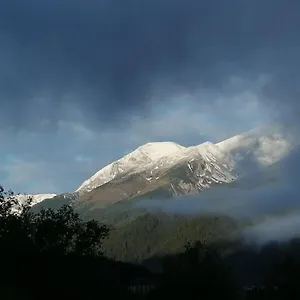 verificați disponibilitatea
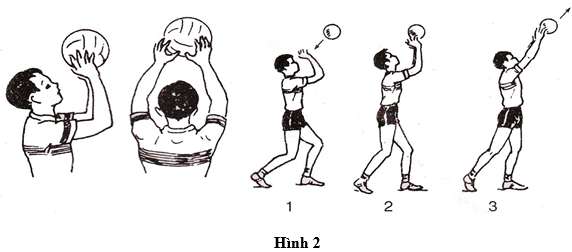 Phân tích kỹ thuật chuyền bóng cao tay trước mặt? (ảnh 3)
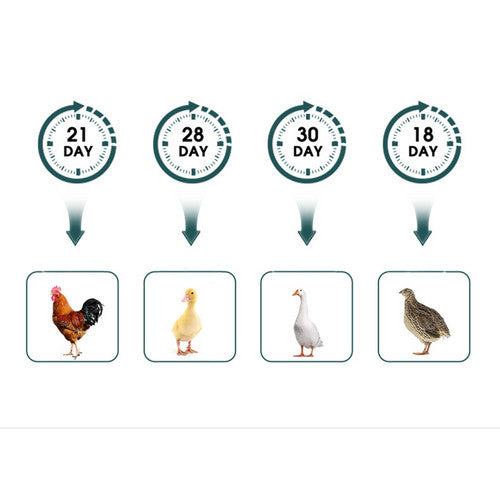Digital Led Fully Automatic 25 Egg Incubator Hatch Turning Chicken Eggs Poultry V201-EGG0025GR8AU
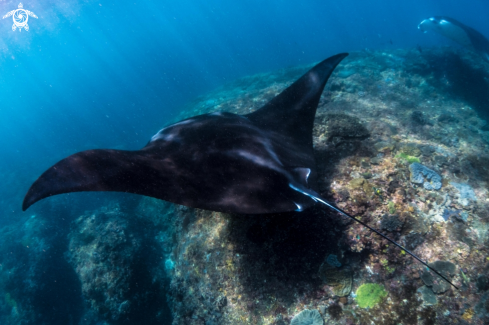 A Oceanic Manta Ray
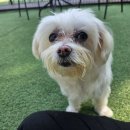 니멍내멍 이미지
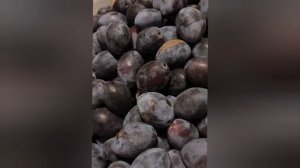Польза чернослива в народной медицине.,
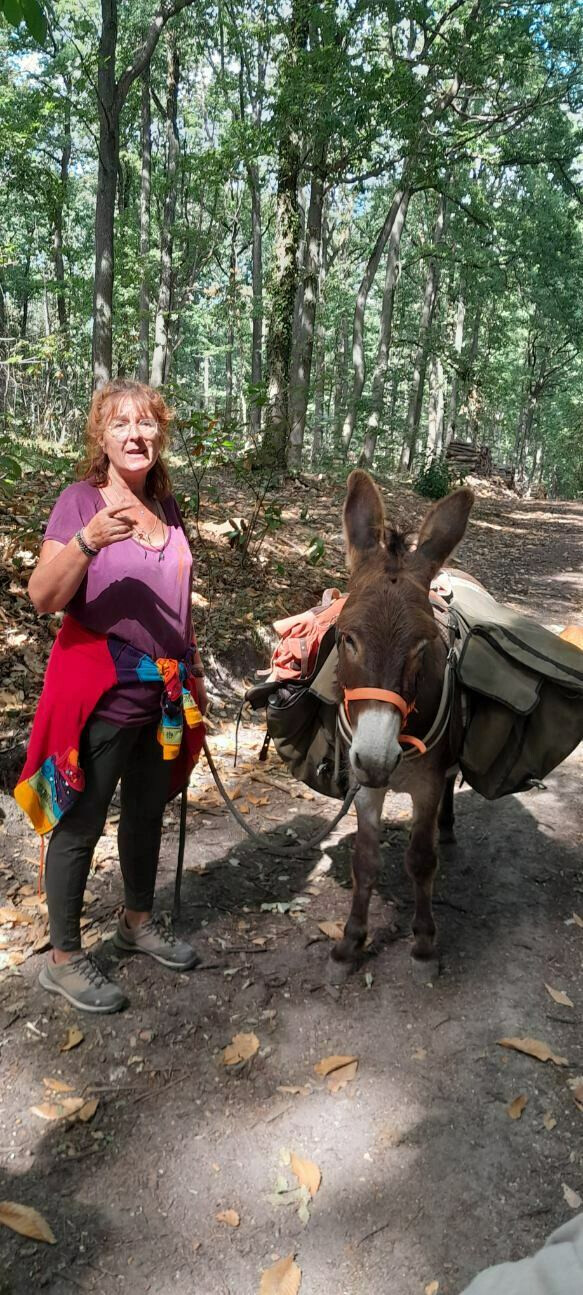 Balade contée avec un âne : la forêt enchantée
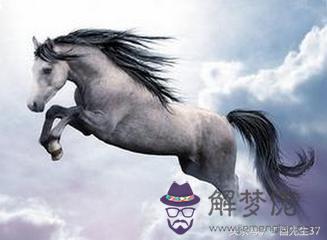 屬馬今年多大：查一下屬馬的2017年是多大年齡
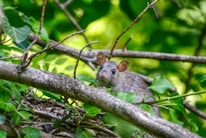 close-up photo of gray rat on brunch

***

What you will do
Give back the entries above exactly as they stand. Leave the images out.

Answer to this task
 verificați disponibilitatea
 Phân tích kỹ thuật chuyền bóng cao tay trước mặt? (ảnh 3)
Digital Led Fully Automatic 25 Egg Incubator Hatch Turning Chicken Eggs Poultry V201-EGG0025GR8AU
 A Oceanic Manta Ray
 니멍내멍 이미지
Польза чернослива в народной медицине.,
 Balade contée avec un âne : la forêt enchantée
 屬馬今年多大：查一下屬馬的2017年是多大年齡
 close-up photo of gray rat on brunch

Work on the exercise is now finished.